Algérie, Juillet 1962. Après les accords d’Evian, l’Algérie devient indépendante et l’exode des Français d’Algérie est massif et inquiet. Dans un climat violent et des oppositions tranchées, les rapatriés rentrent « une main devant, une main derrière » démunis et désorientés.
La genèse de cet album mérite d’être citée : le scénariste raconte un jour à son ami dessinateur le souvenir de son vol mouvementé entre l’Algérie et la France. Le talentueux P. Jusseaume (série Tramp) relève le défi d’en faire une BD ! L’anecdote sera romancée afin de condenser les enjeux de l’époque et satisfaire la soif du lecteur. Hélas, le dessinateur meurt après quelques travaux préparatoires – à voir en fin d’album – et le dessin est repris par Olivier Mangin, à la fois fidèle dans le cadrage et plus moderne dans le trait.
Visuellement, le scénario est très nerveux, dynamique, avec des contre-plongées, des plans serrés, des ellipses, renforçant les conditions d’une aventure haletante.
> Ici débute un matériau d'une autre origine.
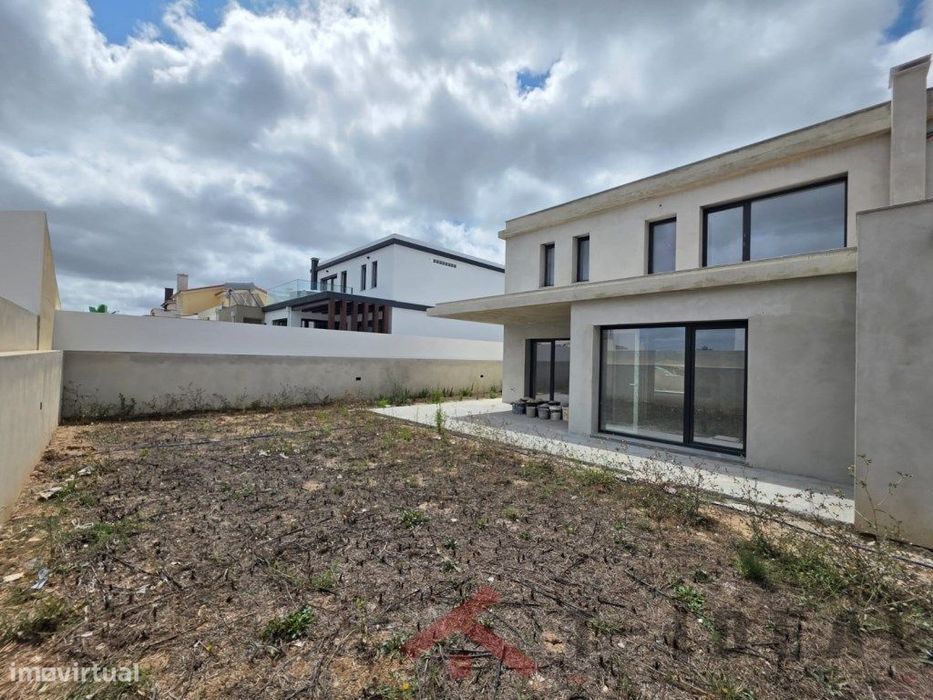 Moradia T4 Moderna na Lourinhã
De rares flash-back apportent une dimension supplémentaire à nos héros. La couleur en aplats ombrés restitue aussi densément le soleil implacable du désert, les lumières étranges de la cabine ou du cockpit dans ce huis-clos aérien, et l’ambiance fascinante de la nuit. Les phylactères sobres ponctuent les cases sans les envahir.
L’histoire a ceci d’intéressant qu’elle offre de nombreux portraits et points de vue : de l’enfant candide à l’homme, bon ou mauvais, de la femme sublime à la mère possessive, réunies dans la tristesse.
Sur une base classique proche de la « ligne claire », les auteurs ont réussi un album de suspense magistral et addictif, mêlant de bout en bout grande et petite histoire, pour le plus grand plaisir du lecteur.